As I grew up, I later battled with issues of identity, being a half-Singaporean and half-English person. I would marvel at how my Chinese grandfather would seemingly shout at my mother when all he was saying was how his day had been. And my Auntie would proclaim that my sister’s feet were “so smelly” right in front of her face. Contrast that with the usual English sensibilities of politeness and reservedness and I was one confused individual when it came to self-expression. This manifested itself in my being terribly shy and self-conscious.

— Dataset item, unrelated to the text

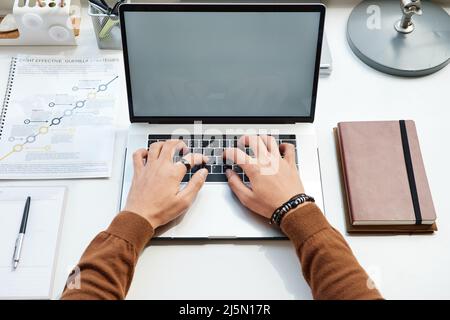 Blick aus der Perspektive eines Geschäftsmannes, der während der Arbeit an einem neuen Webprojekt auf dem Laptop tippt Stockfoto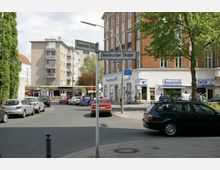 Straßenecke mit Wegweisern für „Bayerischer Platz“ und „Innsbrucker Straße“, umgeben von mehrstöckigen Wohn- und Geschäftsgebäuden, darunter ein rotes Backsteinhaus mit Geschäften im Erdgeschoss. Geparkte und fahrende Autos sowie einige Passanten sind sichtbar, daneben stehen Bäume am Straßenrand.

At the age of 18, I travelled alone overseas for the first time to take part in a volunteer environmental project in Spain. There, I began my journey to be released from the weight of a blocked Muladhara Chakra. I met like-minded people from all over the world who had travelled to the project for a common purpose. We undertook back-breaking work, clearing a path in a forest, re-surfacing a village road and re-building a mountain refuge. We sweated together and laughed together. I was able to form a sense of myself that was all me, not influenced by family or childhood friends. I continued my journey at university, where I was lucky enough to find a group of friends who are still like family to me today.
Having now had children of my own, I feel very much like I belong on this planet as a citizen of the world. We are all one family.